Athlete close up: Sophomore infielder Tyler Rebowe

Tyler Rebowe, Nicholls State University sophomore infielder, always had two loves in his life: family and baseball.

For those students who are away from their families while attending college, corresponding with home is limited to phone calls, e-mails or a Facetime chat. However, Rebowe can easily touch base with his roots with a seven minute walk to Baker Hall, the athletics’ building. Last fall, Nicholls announced the hiring of Tim Rebowe as head football coach.

“I love having him around here,” Rebowe said, “I’m a huge family guy. Almost everyday I go and eat lunch in his office.”

Before the hiring of his father in November, Rebowe and his family lived briefly in Lafayette where Coach Rebowe was an assistant at The University of Louisiana-Lafayette. Tyler excelled at Lafayette High, earning All-District Honorable Mention his junior and senior years. Yet he was missing another important aspect of his life. He was away from his home team, his family.

“All my family is from New Orleans, and I was getting away from them living in Lafayette,” Rebowe said. “It brings us closer to them.”

That togetherness, which is just as important in team sports as it is in family, is one quality that Head Baseball Coach Seth Thibodaux expressed about Rebowe as a teammate.

“There are so many guys, especially on a championship college baseball team, and you have to have those connectors between two different personalities that keep things going in the right direction. Tyler has done a wonderful job at being the glue for us,” Thibodaux said.

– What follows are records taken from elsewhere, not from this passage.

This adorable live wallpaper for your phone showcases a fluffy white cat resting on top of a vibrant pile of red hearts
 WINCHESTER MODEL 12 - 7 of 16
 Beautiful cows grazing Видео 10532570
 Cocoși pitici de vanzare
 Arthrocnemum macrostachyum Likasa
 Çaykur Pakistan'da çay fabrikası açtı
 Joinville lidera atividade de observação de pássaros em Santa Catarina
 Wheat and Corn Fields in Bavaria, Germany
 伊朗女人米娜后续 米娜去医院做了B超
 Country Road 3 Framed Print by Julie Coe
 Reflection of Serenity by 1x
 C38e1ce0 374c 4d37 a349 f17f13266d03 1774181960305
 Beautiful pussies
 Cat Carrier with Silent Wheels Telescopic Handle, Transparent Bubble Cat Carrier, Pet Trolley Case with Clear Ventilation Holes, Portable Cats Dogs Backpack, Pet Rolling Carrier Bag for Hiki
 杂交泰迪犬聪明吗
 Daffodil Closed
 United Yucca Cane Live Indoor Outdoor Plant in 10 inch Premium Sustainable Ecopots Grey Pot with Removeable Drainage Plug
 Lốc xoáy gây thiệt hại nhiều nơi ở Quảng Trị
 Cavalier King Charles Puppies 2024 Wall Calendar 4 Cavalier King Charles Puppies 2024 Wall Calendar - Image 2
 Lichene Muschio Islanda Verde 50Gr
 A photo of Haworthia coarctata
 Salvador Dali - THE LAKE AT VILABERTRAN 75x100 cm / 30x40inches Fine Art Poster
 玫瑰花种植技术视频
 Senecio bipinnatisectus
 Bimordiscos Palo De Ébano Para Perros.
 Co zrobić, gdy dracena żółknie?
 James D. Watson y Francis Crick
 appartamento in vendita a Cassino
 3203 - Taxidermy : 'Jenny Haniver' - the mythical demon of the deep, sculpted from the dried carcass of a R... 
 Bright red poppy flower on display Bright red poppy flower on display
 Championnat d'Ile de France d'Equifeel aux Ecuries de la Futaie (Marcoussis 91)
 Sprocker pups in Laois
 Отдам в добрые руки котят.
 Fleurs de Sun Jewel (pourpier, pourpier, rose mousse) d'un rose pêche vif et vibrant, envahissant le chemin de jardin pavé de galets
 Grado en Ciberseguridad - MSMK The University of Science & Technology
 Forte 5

The advantages for Rebowe growing up around collegiate athletes were plentiful. His father and cousin both played college baseball, and his uncle, Rusty Rebowe, played football here at Nicholls from 1974-77. Growing up around them showed Rebowe things outside the game that are required of great athletes.

“Being around it everyday, I saw what it took to succeed at the college level. I saw the dedication and sacrifice you have to put in just to be good,” Rebowe said. “With him being a coach, he would always tell me, ‘Hey if you’re going to do it, do it 100 percent, or why do it?’ and that side helped me out a lot.”
The aid hasn’t stopped since. Rebowe was red-shirted his freshman year, meaning he could not dress out for games or even sit in the dugout with his teammates. Coach Rebowe was there for his son, with fatherly advice.

“He told me, ‘Take a step back and use this as a learning experience,’ and I learned more than I could imagine by doing that,” Rebowe said.

There have been numerous accounts of father-son combinations succeeding in sports. The Mannings, Ken Griffey Sr. and Jr. and Cal Ripken Sr. and Jr. are just a few of the elite athletic bloodlines found in the American sports lexicon. Here on the bayou, Nicholls State University now has the Rebowes.